Beginning with the line of the entries below that holds "Wooden Lid Tissue Box Cover" and ending with the line that holds "Parches para Ojos", transcribe each line exactly as written. Pictures stay out.

··· SOURCE INFORMATION

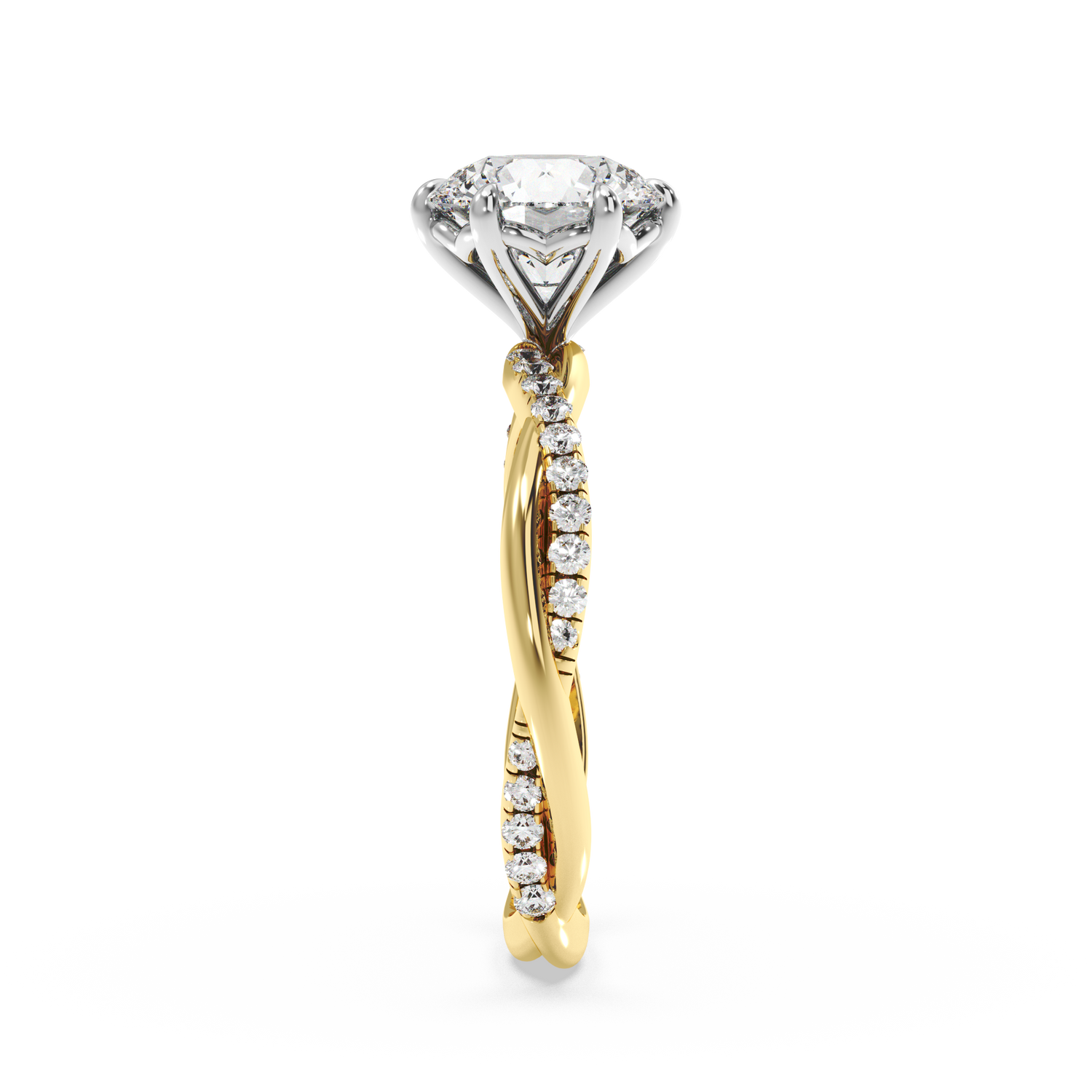Twist of Elegance Engagement Ring - Round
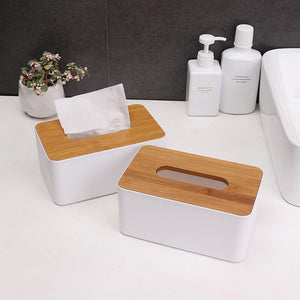 Wooden Lid Tissue Box Cover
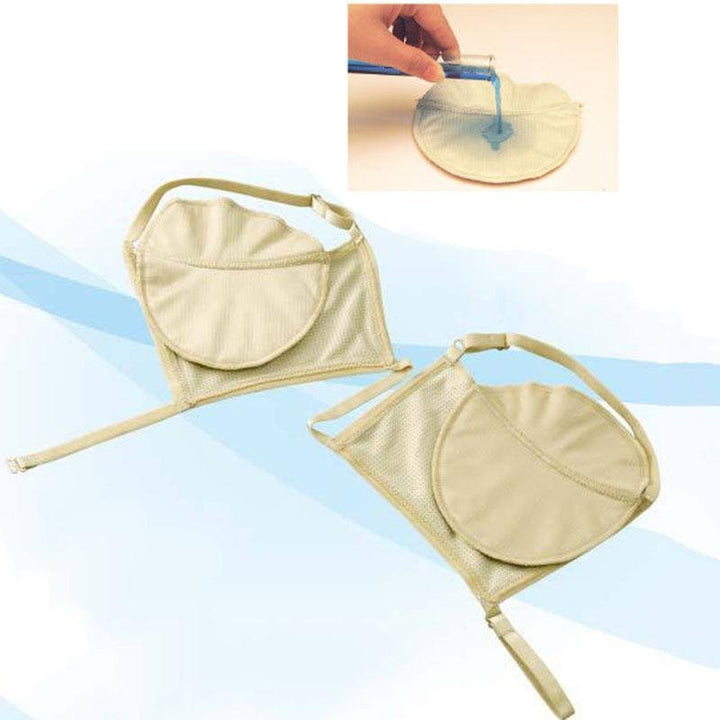 2Pcs Reusable Underarm Sweat Pads Quick-Drying Sweat-Absorbing Mat Washable Armpit Sweat Pad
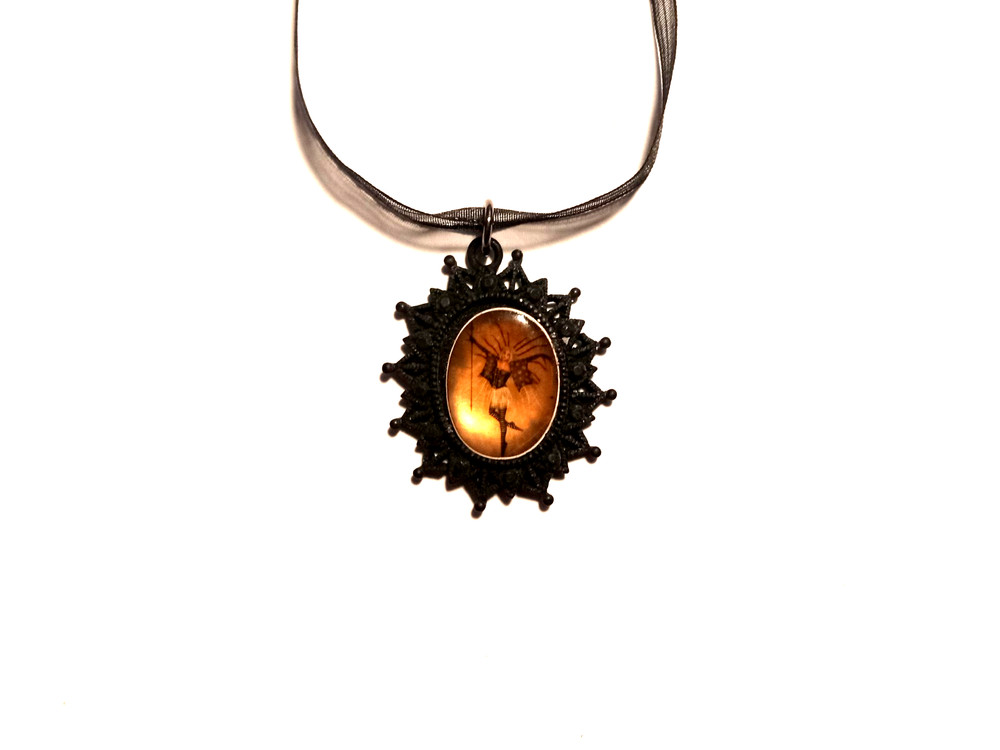 Haunted Witch Necklace, The Inferno Ghost Witch!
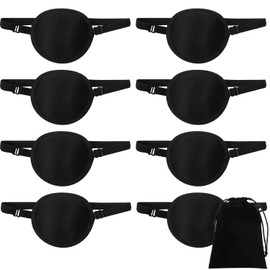 Parches para Ojos Ajustables, Parches Oculares para Ambliopía, Parche Médico para Ojos, Parche de Ojo de Pirata, para Ojos Izquierdo o Derecho Parches.
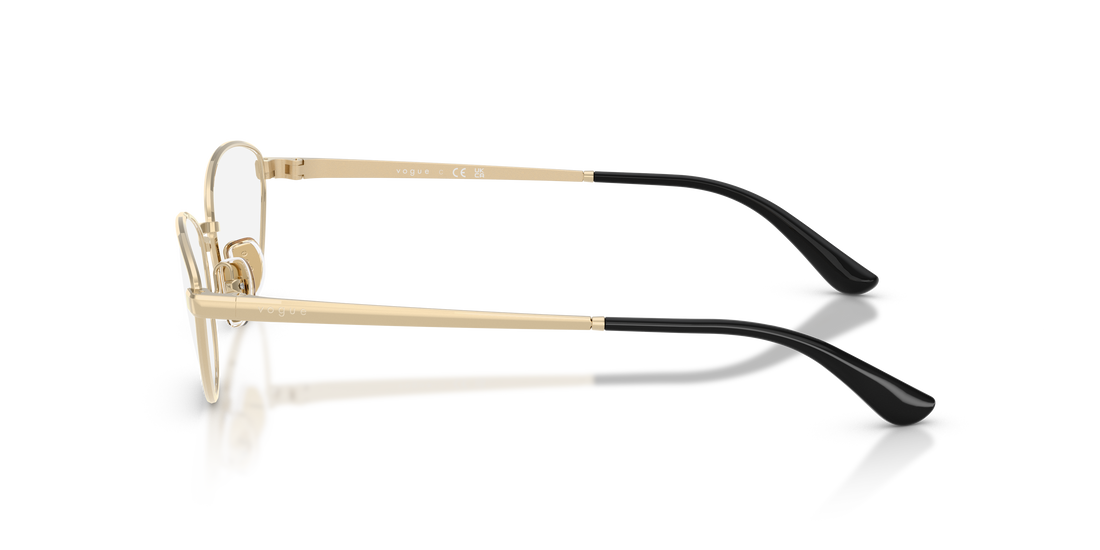 Gafas graduadas vogue eyewear vo4355 848 dorado butterfly femenino talla 52mm - Vista de detalle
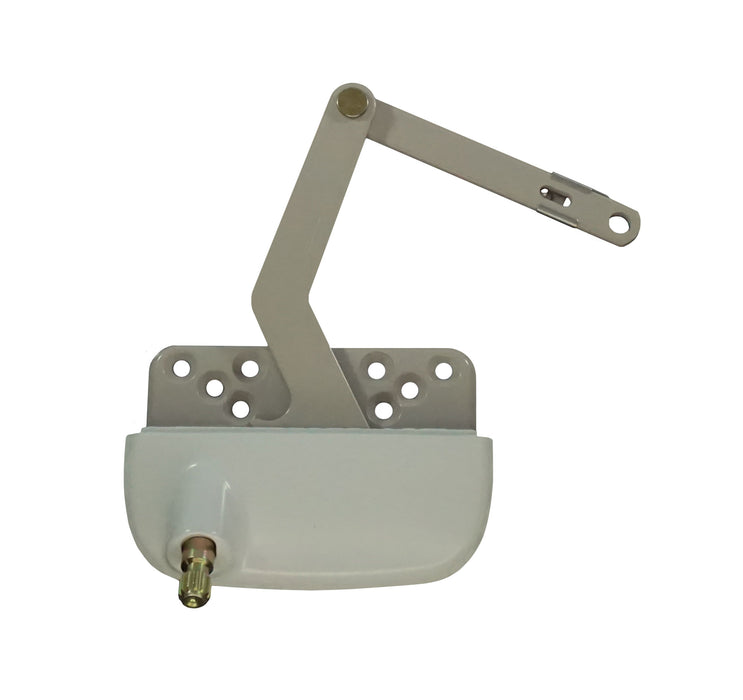 WRS Truth Hardware Ellipse Dyad Split Arm Operator - 3-1/2", White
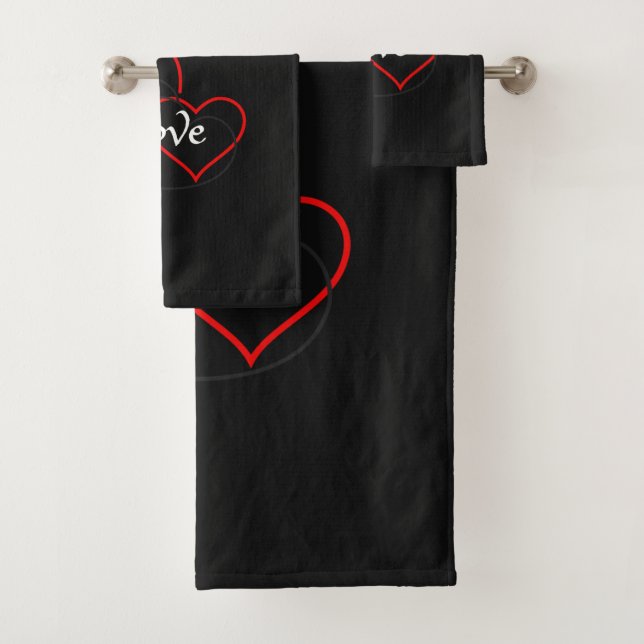 Love  bath towel set (Insitu)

······

### SOLUTION TO THIS TASK
 Wooden Lid Tissue Box Cover
 2Pcs Reusable Underarm Sweat Pads Quick-Drying Sweat-Absorbing Mat Washable Armpit Sweat Pad
 Haunted Witch Necklace, The Inferno Ghost Witch!
 Parches para Ojos Ajustables, Parches Oculares para Ambliopía, Parche Médico para Ojos, Parche de Ojo de Pirata, para Ojos Izquierdo o Derecho Parches.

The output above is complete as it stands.